_BRIEF_
Would you retype exactly the lines below, from the one containing "Đấu Chiến Cuồng" through the end of the entries, both ends included, but not the pictures?
[Opening INPUT MATERIAL section]
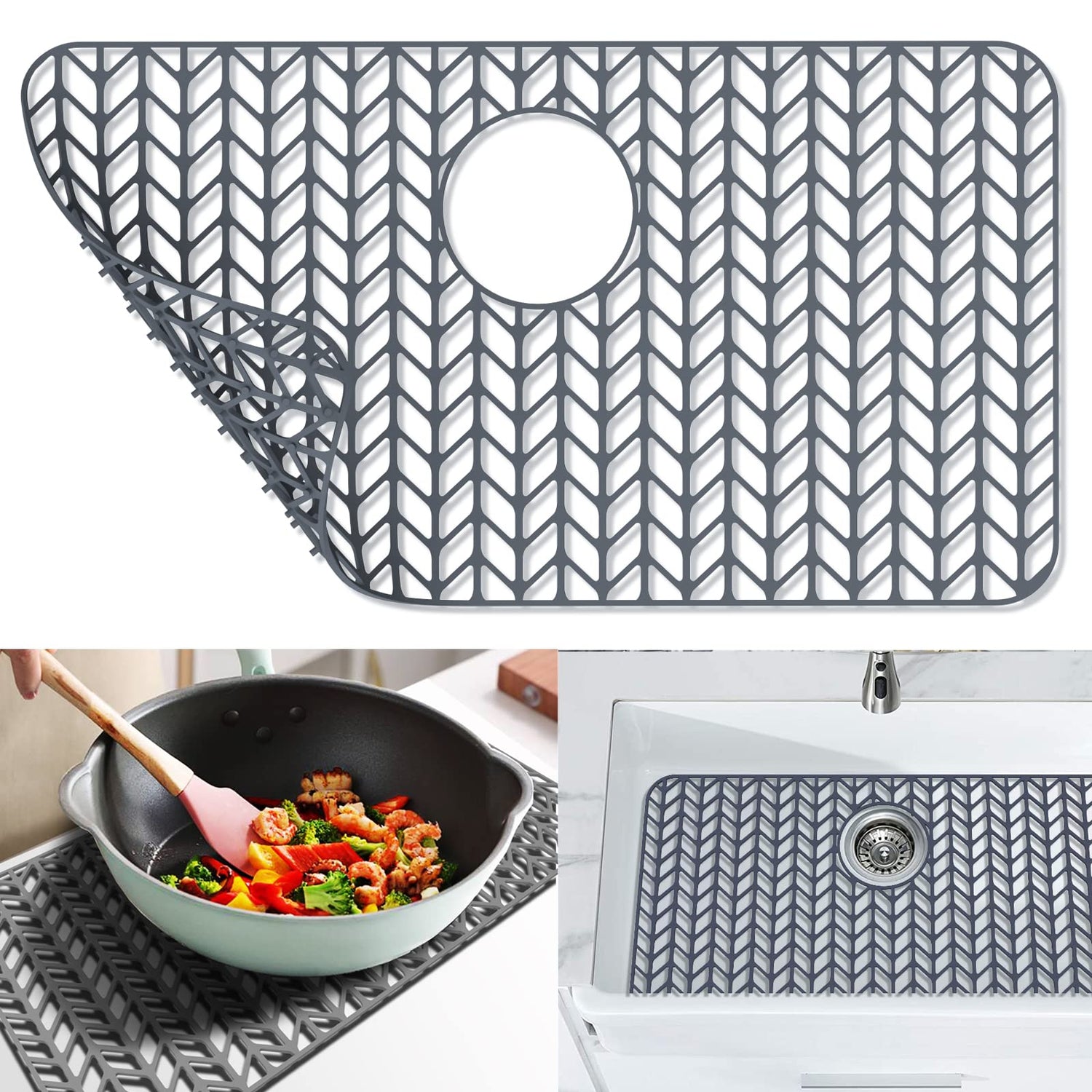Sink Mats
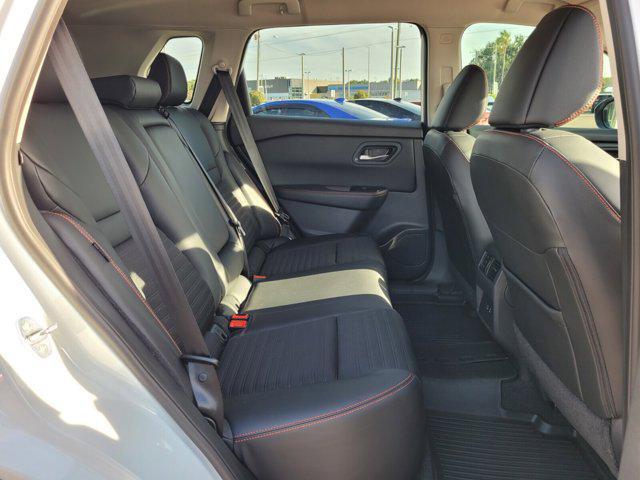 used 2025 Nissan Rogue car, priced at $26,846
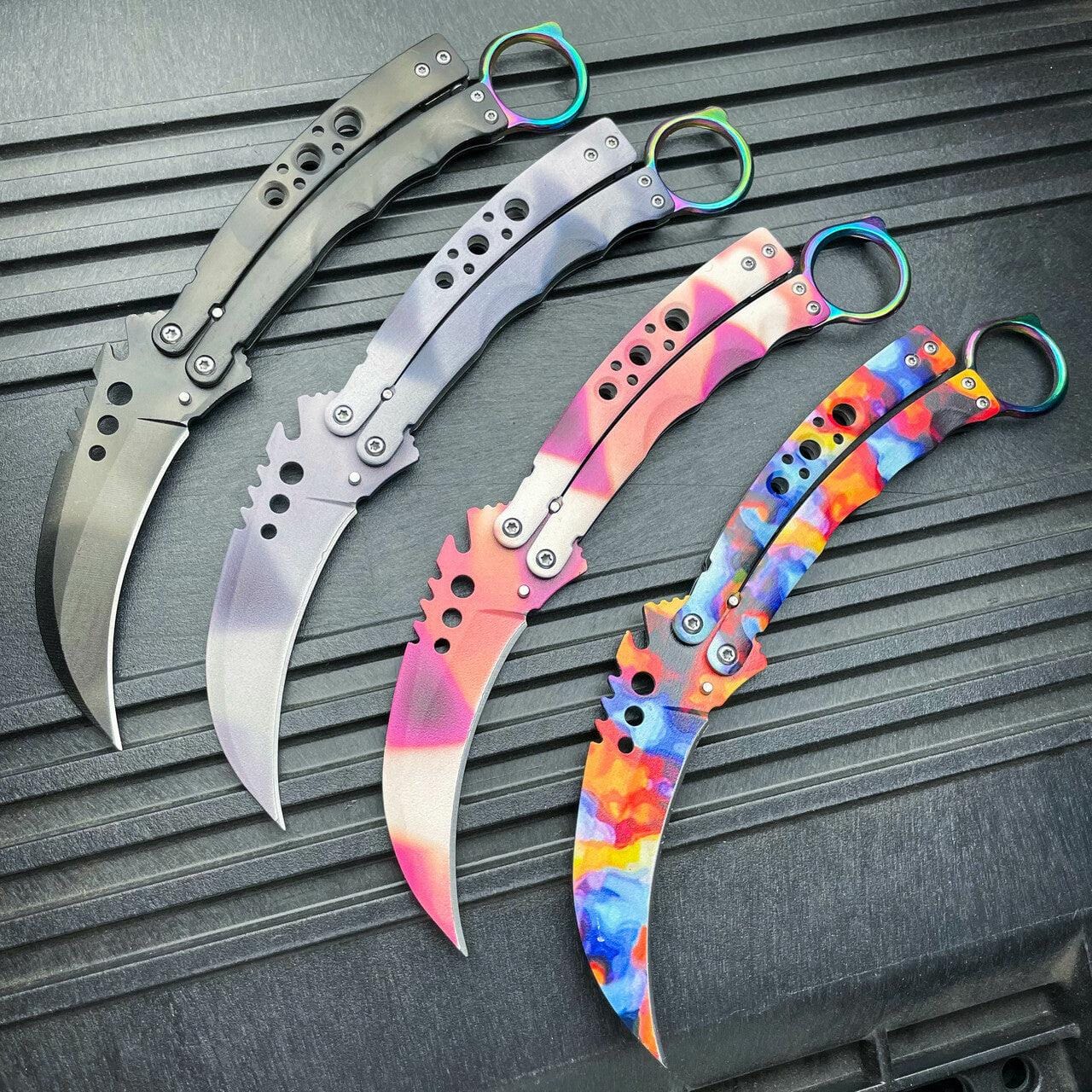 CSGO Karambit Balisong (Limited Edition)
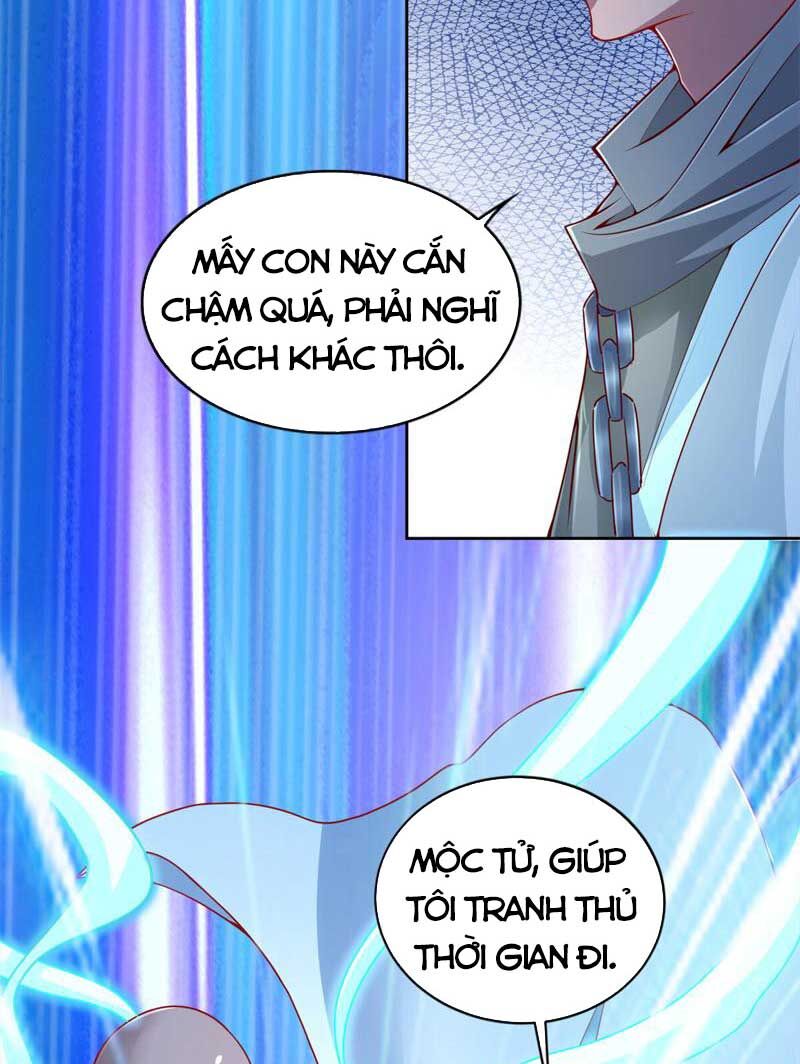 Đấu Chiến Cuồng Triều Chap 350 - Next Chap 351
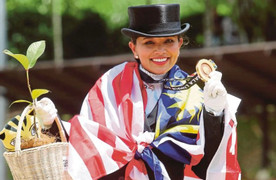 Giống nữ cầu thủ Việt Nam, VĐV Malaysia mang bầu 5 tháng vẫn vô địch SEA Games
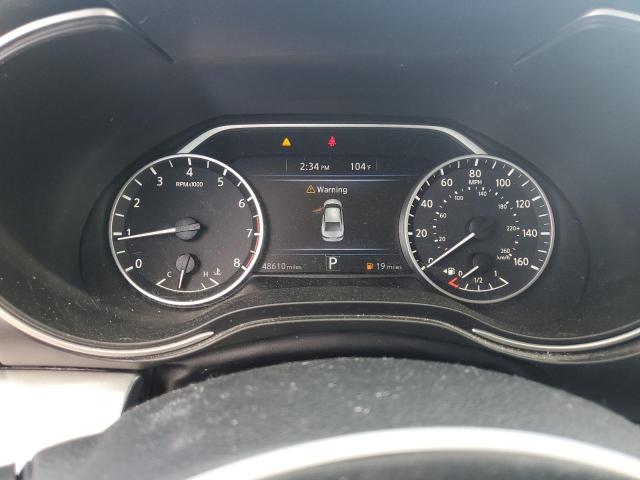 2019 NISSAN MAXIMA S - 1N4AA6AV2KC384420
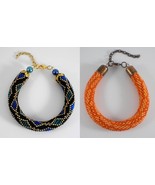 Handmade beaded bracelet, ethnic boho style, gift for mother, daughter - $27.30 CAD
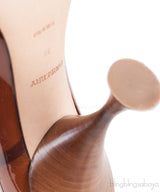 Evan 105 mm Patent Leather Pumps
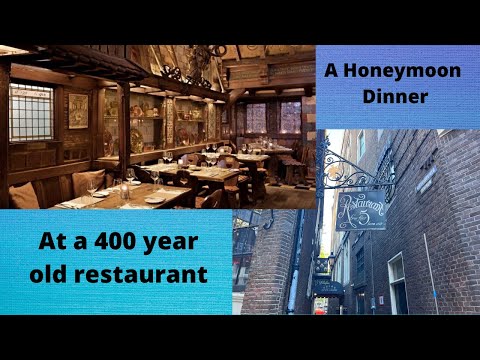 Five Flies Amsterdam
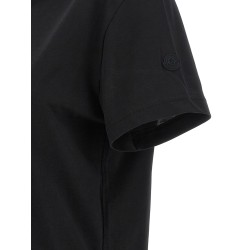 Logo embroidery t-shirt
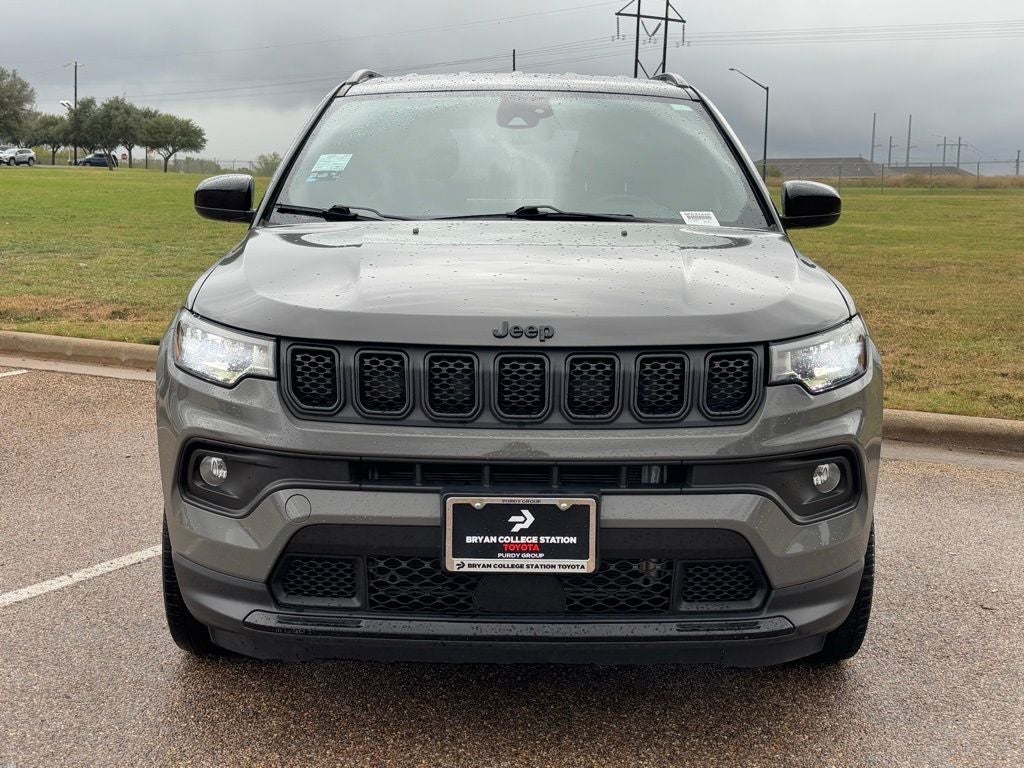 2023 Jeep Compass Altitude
[Closing INPUT MATERIAL section]
_ANSWER AREA_
 Đấu Chiến Cuồng Triều Chap 350 - Next Chap 351
 Giống nữ cầu thủ Việt Nam, VĐV Malaysia mang bầu 5 tháng vẫn vô địch SEA Games
 2019 NISSAN MAXIMA S - 1N4AA6AV2KC384420
 Handmade beaded bracelet, ethnic boho style, gift for mother, daughter - $27.30 CAD
 Evan 105 mm Patent Leather Pumps
 Five Flies Amsterdam
 Logo embroidery t-shirt
 2023 Jeep Compass Altitude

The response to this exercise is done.